La personne s’était volatilisée.

Avais-je rêvé ? Je l’ignore.

Fichtre ! Ma nudité attirait-elle les femmes ? Mais était-ce une femme ? Si c’est un homme ce n’est pas mon truc. Ou alors c’est un flic, un détective, quelqu’un qui s’interroge sur cet étranger entrant dans un territoire dans lequel il n’a peut-être pas sa place ? Je suis un étranger, un migrant. Je n’ai pas de carte de séjour. Va-t-on m’interdire d’entrer dans cette contrée ? Je suis en mission secrète, je viens chercher les indices d’une mystérieuse affaire. Mais quels sont ces mystères ? Si je suis l’inspecteur Maigret, il me manque un chapeau et une pipe, je n’ai pas de bedaine. Je suis nu comme un vers.

J’ai ri.

L’inconnu m’attendait, et curieusement je me sentais d’humeur joyeuse. J’étais en pleine investigation sur des énigmes de mon histoire, et j’avais envie de m’amuser. Je m’étonnais moi-même de cette sérénité ressentie au bord de cette rivière. Le clapotis de l’eau contre les rochers, le bruissement des feuilles des arbres qui ombrageaient la grève. Je me sentais en paix.

Tranquillement, je me suis séché, rhabillé. De la poche de mon sac un paquet de biscuits s’invita pour une collation. J’ai cédé.

C’était la tempête aux questions dans mon crâne. Ces galettes bretonnes au beurre m’aidèrent à ressasser calmement tout ce qui se bousculait dans ma tête. J’ai savouré une après l’autre ces rondelles friables. Sensation nouvelle d’un plaisir furtif. Seul restait le papier d’emballage, une fois plié je l’ai remis dans mon sac.

 

Le visage de mon instituteur de CM 2 s’annonça, sans prévenir. Cet homme généreux respectait la nature et partagea avec nous son amour de la terre. Dans les détails de l'histoire de France, j’avais de grosses lacunes, en ce qui concerne la philosophie de la vie, je me sentais armé. Pour les trous dans le savoir, il y a les bibliothèques. D’une pensée émue, je remerciai ce bon Monsieur Bessette. Souvenirs reconnaissants. Alors que nous quittions le primaire pour l'aventure du collège, lui partait pour une retraite méritée. Le dernier jour, lorsque les élèves sortaient de la classe, il serra la main de chacun d’eux, tapotant une épaule, ébouriffant une tignasse rebelle ou ajustant une chemise débraillée. Il nous salua par notre prénom avec des mots gentils. Ses yeux brillaient. Dans la cour, toute l’école attendait, ses collègues, sa femme, Monsieur le Maire, quelques personnalités. Ce fut un tonnerre d’applaudissements lorsqu’il sortit à son tour. Un goûter sous le préau fut offert par l’association des parents d’élèves. Après les discours d’usage et les louanges des uns et des autres, il reçut un énorme cadeau. Il rentra chez lui avec un gros téléviseur. Chacun prit le chemin de sa maison et fit de ses souvenirs d'école, ce qu’il a bien voulu. Pour ma part, je les conserve précieusement. Dans mon univers chaotique d’enfant, cet homme compta beaucoup. Discrètement, il fut la présence masculine qui me faisait défaut. Un des derniers soirs de cette année avant le collège alors qu’il se préparait à sa retraite, il me raccompagna jusqu’à la porte et me retint par le bras :

« Tu sais, un jour ta patience sera récompensée. Garde espoir. Ton papa est un homme bon qui souffre. Tu es un garçon généreux, reste-le. J’ai pleinement confiance en toi ».

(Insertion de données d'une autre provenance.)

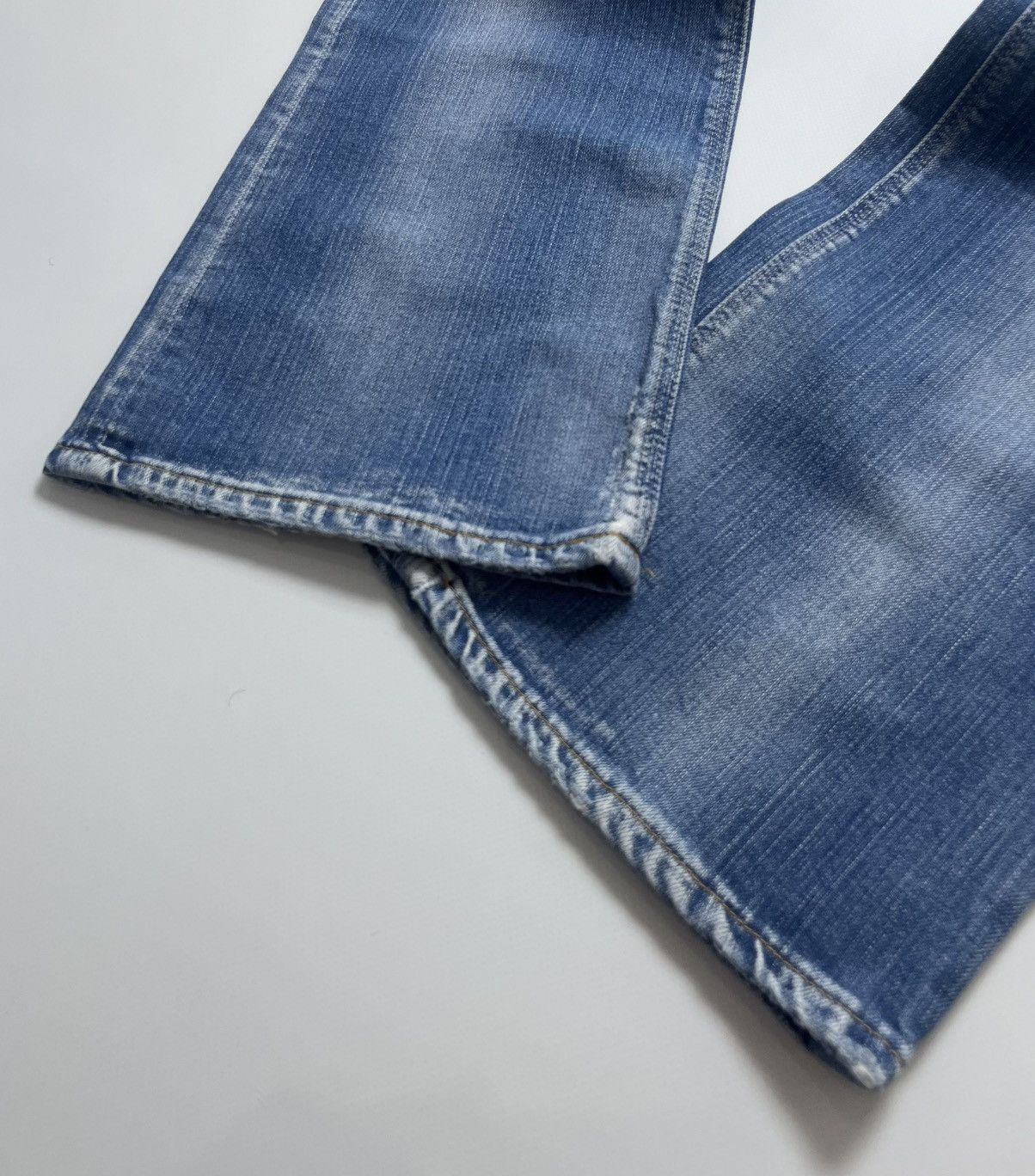 Junya Watanabe Crazy G-Star If Six Was Nine Flared Jeans 90s Size US 31 - 8 Thumbnail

Ces mots sont gravés en moi, impossible de les oublier. Mais comment cet instituteur pouvait-il penser qu’Alain, mon père, derrière cette défonce quotidienne, cachait un homme bon ?

Il avait aussi été son instituteur, lui avait inculqué les mêmes principes moraux. Il connaissait la famille et peut-être un secret.

Silence… Mystère… Encore.

 

Le ventre plein, rassasié de galettes bretonnes, aida mon esprit à retrouver un peu de calme et à s’ordonner en reprenant les événements tels qu’ils venaient de se dérouler avant mon départ pour les Cévennes.

Pour un dossier universitaire ordinaire, il me fallait une copie du livret de famille, je n’eus aucun mal à l’obtenir de la mairie. Ce fut un choc.

Depuis l’âge de huit ans, je savais que ma mère était morte en me donnant la vie, au fond d’un ravin, à cause d’un stupide accident de voiture. Son père allait trop vite et dans un virage il avait plongé dans un ravin et fait plusieurs tonneaux. Il était dans le coma quand les secours sont arrivés, ma mère eut juste le temps d’accoucher avant de mourir. Elle fut assistée par une bergère qui gardait son troupeau non loin de là. La famille de mon père obtint la garde sans difficulté. Ma grand-mère maternelle sombra dans la folie après la mort de sa fille et fut placée dans une institution. Son mari mit longtemps à sortir du coma et à se remettre des suites de son accident. Cette famille n’était donc pas apte à s’occuper de moi. De toute façon ce n’étaient pas des gens intéressants. C’étaient des paysans, des bouffeurs de subventions pompées sur les impôts des honnêtes commerçants, des communistes rêvant au Grand Soir et aux biens faits de la révolution bolchevique dont un des objectifs proclamés était de nationaliser le petit commerce.

C’était le discours entendu. Le gavage de neurones. Le formatage. Certains parleraient même de dressage…

 

Créer des liens avec eux fut impossible. Aller simplement en vacances chez ces autres grands-parents ? Inenvisageable. Il y eut barrage. J’ai très vite évité de poser des questions. Mon intuition me conseilla de rester silencieux. Sans m’en rendre compte je m’installais dans une forme d’autisme familial. Autisme de protection.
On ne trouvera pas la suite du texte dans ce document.